Start of The data

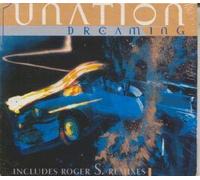 Dreaming [Single-CD]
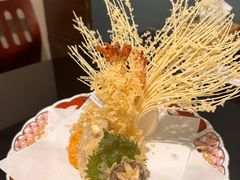 -天狗山料理(省体店)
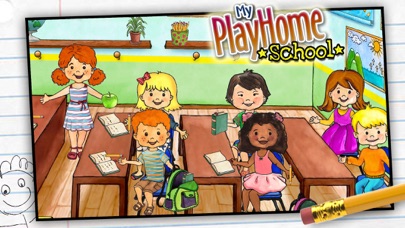 My PlayHome School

End of The data

» **Task instructions**
Return the listing verbatim, pictures omitted.

» **Solution for this exercise**
 Dreaming [Single-CD]
 -天狗山料理(省体店)
 My PlayHome School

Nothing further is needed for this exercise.